Stored dataset items:
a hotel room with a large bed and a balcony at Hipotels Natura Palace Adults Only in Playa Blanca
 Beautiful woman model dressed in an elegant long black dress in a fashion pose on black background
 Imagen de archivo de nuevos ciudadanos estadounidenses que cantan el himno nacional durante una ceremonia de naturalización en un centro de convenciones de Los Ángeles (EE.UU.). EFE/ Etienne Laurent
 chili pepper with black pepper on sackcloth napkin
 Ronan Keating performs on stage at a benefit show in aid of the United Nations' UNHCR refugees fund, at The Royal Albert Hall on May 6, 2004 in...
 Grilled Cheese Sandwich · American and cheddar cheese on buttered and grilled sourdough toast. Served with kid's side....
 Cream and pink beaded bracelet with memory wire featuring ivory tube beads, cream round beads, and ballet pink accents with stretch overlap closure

(Your goal): All that is wanted is the line with "Grilled Cheese Sandwich" and every later line in the entries, reproduced exactly.

(Solution for this task):
 Grilled Cheese Sandwich · American and cheddar cheese on buttered and grilled sourdough toast. Served with kid's side....
 Cream and pink beaded bracelet with memory wire featuring ivory tube beads, cream round beads, and ballet pink accents with stretch overlap closure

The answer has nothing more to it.